By double-clicking on the annotated variant track in the Genome Browser View, a table will be shown that includes all variants and the added information/annotations (see  13.52).

Image annotate_and_filter_variants_result2_wes
Figure 13.52: Genome Browser View with an open track table to inspect identified somatic variants more closely in the context of the human genome and external databases.

The added information will help you to identify candidate variants for further research. For example can known cancer associated variants (present in the COSMIC database) or variants known to play a role in drug response or other clinical relevant phenotypes (present in the ClinVar database) easily be seen.
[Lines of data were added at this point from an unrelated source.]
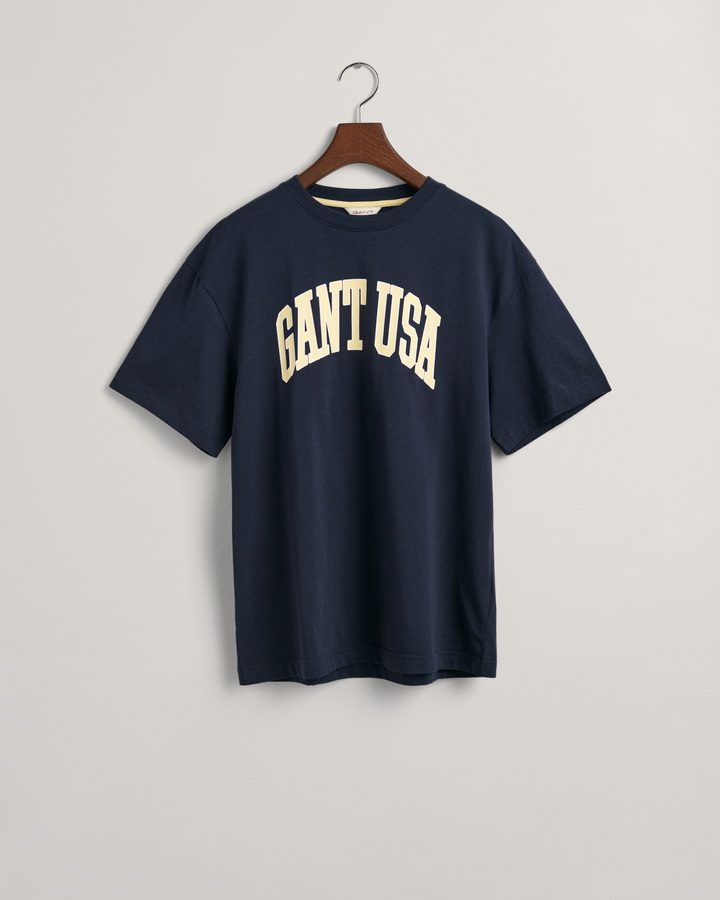 Teens Oversized GANT USA T-Shirt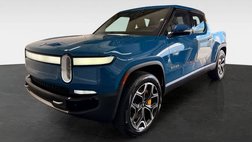 2023 Rivian R1T Adventure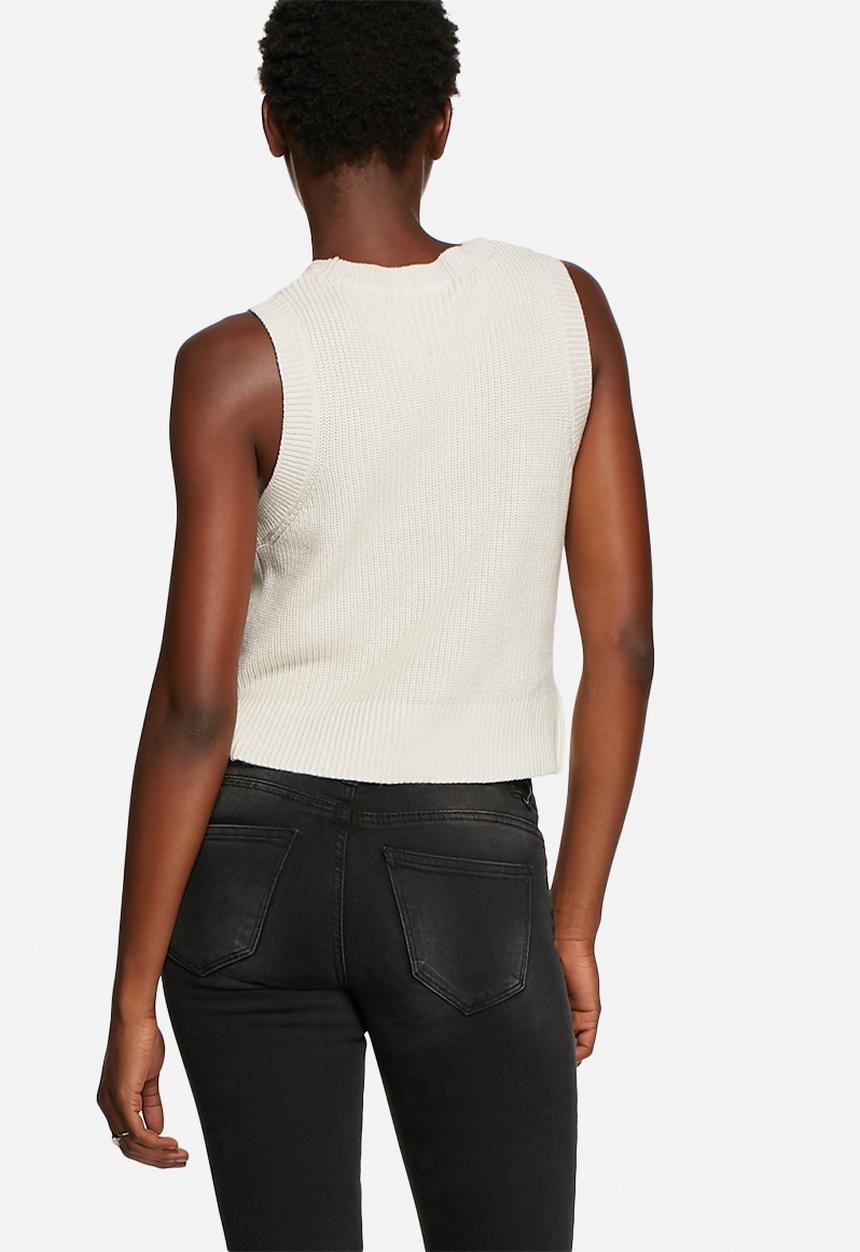 Noisy May - Name Knit Top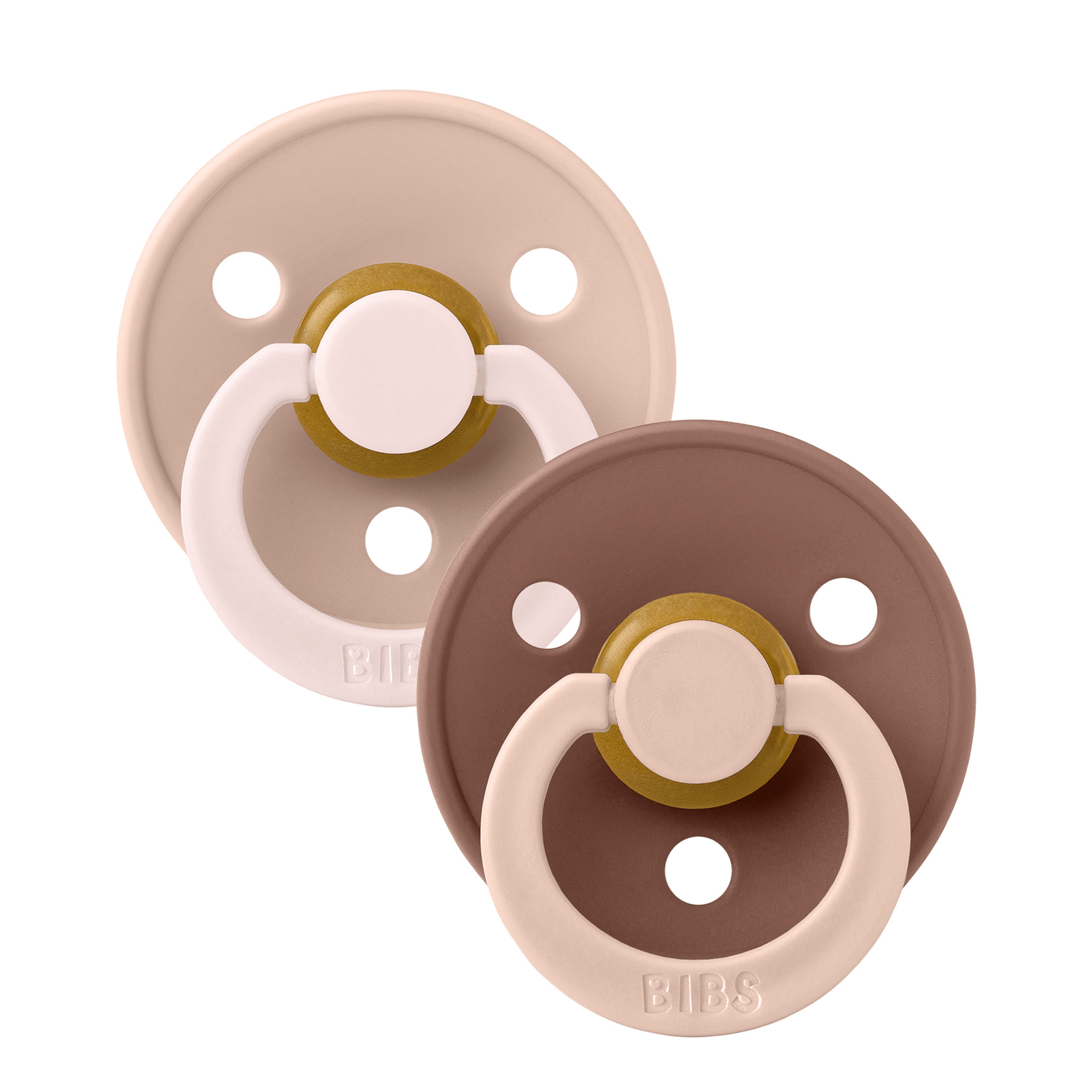 Bibs laža Studio Fusion Blush Woodchuck veličina 1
Not identified variants in COSMIC and ClinVar, can for example be prioritized based on amino acid changes (do they cause any changes on the amino acid level?). A high conservation level on the position of the variant between many vertebrates or mammals can also be a hint that this region could have an important functional role and variants with a conservation score of more than 0.9 (PhastCons score) should be prioritized higher. A further filtering of the variants based on their annotations can be facilitated using the table filter on top of the table.

If you wish to always apply the same filter criteria, the "Create new Filter Criteria" tool should be used to specify this filter and the "Identify and Annotate" workflow should be extended by the "Identify Candidate Tool" (configured with the Filter Criterion). See the reference manual for more information on how preinstalled workflows can be edited.

Please note that in case none of the variants are present in COSMIC, ClinVar or dbSNP, the corresponding annotation column headers are missing from the result.

In case you like to change the databases as well as the used database version, please use the "Data Management".